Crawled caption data
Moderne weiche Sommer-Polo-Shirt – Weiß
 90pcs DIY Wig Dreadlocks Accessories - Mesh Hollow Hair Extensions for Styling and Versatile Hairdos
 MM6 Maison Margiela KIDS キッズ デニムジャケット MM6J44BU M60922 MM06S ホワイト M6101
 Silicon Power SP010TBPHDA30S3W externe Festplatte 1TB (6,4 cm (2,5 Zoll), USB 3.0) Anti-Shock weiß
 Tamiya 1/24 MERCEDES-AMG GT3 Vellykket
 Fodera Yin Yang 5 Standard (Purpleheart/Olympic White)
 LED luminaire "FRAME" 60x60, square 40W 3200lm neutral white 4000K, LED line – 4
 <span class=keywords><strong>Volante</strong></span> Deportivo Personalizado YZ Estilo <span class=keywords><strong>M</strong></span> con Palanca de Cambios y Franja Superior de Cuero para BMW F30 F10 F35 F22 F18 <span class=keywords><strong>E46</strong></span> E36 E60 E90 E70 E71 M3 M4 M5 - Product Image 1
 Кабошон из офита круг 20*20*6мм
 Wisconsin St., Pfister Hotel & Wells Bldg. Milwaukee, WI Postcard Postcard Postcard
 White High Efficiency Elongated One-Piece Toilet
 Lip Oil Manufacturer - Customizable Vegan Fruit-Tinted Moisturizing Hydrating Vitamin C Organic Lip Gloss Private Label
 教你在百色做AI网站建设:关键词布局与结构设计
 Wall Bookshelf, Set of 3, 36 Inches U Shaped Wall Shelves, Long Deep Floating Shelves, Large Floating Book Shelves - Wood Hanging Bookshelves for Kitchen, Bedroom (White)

Task directions
Write out the lines above, starting at the line that contains "Lip Oil Manufacturer" and ending with the final line, and nothing else; copy them exactly.

Output of the exercise
 Lip Oil Manufacturer - Customizable Vegan Fruit-Tinted Moisturizing Hydrating Vitamin C Organic Lip Gloss Private Label
 教你在百色做AI网站建设:关键词布局与结构设计
 Wall Bookshelf, Set of 3, 36 Inches U Shaped Wall Shelves, Long Deep Floating Shelves, Large Floating Book Shelves - Wood Hanging Bookshelves for Kitchen, Bedroom (White)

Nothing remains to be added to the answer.